A liability upon contract, express or implied, being excluded from the consideration of the case, then the question arises, what circumstances should be shown in order to fix the landlord with responsibility for the damages in question. The act of providing his building with artificial means for supplying it with water and water-closets, is of itself a lawful act, and does not impose upon the owner any obligation in the nature of a guaranty of the safety to occupants of a lower floor. So that if, in providing such means, the owner makes use of sufficient materials, and does the work, or causes it to be done in a reasonably careful, skillful and workmanlike manner, then he would be liable to the occupant of a lower floor only for an improper or negligent use of such agencies.
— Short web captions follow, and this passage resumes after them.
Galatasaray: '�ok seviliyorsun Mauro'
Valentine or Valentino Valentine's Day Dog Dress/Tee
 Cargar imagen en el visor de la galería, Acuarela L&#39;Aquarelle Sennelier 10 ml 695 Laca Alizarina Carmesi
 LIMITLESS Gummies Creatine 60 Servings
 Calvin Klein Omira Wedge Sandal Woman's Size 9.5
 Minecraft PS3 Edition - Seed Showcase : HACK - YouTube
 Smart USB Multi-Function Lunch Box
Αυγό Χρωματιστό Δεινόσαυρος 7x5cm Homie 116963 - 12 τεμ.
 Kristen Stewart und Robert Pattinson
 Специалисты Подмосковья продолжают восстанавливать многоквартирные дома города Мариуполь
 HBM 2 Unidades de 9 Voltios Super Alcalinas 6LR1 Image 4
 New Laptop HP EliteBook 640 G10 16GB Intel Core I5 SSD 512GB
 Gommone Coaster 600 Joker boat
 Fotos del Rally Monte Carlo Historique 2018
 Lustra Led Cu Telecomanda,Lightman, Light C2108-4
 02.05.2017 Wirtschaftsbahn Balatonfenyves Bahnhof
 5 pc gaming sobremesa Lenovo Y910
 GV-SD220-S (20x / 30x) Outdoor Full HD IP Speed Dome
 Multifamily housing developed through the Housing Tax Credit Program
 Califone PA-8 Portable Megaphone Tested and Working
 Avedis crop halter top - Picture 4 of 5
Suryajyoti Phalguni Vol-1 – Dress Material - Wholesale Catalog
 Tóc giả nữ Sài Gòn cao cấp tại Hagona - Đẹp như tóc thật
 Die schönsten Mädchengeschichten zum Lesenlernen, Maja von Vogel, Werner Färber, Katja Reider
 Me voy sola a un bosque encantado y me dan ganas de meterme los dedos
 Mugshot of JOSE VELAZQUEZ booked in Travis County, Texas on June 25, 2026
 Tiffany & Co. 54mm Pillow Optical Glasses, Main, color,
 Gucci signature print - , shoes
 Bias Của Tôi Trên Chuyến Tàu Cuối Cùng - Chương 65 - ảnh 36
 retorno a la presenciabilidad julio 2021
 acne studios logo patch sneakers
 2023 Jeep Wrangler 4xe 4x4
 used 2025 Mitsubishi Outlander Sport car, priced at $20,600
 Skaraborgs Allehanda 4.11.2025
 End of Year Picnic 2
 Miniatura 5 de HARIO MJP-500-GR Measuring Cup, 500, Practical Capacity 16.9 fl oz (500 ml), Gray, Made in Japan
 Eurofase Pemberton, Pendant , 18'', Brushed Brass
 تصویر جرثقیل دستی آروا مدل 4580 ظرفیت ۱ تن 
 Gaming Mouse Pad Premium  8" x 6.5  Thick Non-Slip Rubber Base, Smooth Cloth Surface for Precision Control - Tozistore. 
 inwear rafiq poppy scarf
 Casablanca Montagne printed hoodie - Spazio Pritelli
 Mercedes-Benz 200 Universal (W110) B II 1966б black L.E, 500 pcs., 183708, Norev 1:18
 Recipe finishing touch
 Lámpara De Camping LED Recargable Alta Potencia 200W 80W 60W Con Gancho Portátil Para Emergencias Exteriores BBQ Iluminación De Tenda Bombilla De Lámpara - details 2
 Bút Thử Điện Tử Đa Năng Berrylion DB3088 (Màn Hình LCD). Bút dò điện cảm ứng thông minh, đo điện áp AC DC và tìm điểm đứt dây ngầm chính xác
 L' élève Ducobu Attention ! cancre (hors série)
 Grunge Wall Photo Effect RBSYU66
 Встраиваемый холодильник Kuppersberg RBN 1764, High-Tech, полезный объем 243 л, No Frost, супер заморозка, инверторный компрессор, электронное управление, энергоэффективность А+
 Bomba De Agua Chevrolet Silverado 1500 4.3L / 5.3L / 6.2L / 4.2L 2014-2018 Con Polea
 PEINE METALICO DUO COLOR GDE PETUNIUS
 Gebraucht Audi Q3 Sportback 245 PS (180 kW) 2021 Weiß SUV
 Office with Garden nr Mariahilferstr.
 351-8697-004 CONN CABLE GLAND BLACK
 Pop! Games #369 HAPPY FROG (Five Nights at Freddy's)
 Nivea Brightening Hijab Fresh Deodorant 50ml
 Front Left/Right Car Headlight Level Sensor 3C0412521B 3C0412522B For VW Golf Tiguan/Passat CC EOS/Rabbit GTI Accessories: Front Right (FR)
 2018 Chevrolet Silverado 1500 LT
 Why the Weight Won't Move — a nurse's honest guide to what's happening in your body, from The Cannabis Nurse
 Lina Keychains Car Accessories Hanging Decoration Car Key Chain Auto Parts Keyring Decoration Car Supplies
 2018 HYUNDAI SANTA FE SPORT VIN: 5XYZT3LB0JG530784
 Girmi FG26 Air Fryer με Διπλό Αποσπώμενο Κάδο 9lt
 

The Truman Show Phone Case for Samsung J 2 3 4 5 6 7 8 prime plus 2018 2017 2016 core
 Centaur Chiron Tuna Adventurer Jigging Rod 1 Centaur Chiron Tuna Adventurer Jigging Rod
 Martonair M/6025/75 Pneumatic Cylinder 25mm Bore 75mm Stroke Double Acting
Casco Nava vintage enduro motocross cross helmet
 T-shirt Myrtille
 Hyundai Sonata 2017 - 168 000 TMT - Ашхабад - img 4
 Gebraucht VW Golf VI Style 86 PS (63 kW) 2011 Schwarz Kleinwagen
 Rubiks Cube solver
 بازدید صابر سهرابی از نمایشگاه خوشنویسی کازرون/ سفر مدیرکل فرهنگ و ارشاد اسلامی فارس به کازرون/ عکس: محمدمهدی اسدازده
If however they were not under his management, or that of his servants, but were under the management of a tenant or tenants, and the latter made a negligent use of them, the landlord would not be responsible. The basis of a liability in the absence of contract must, therefore, be laid in some act of malfeasance on the part of the landlord, or negligence in him or his servants, resulting in the injury. Robbins v. Mount, 4 Robertson (N. Y.), 553; 1 Thompson on Neg. 91; Shearm. & Redf. on Neg. §§ 512, 513 and 514.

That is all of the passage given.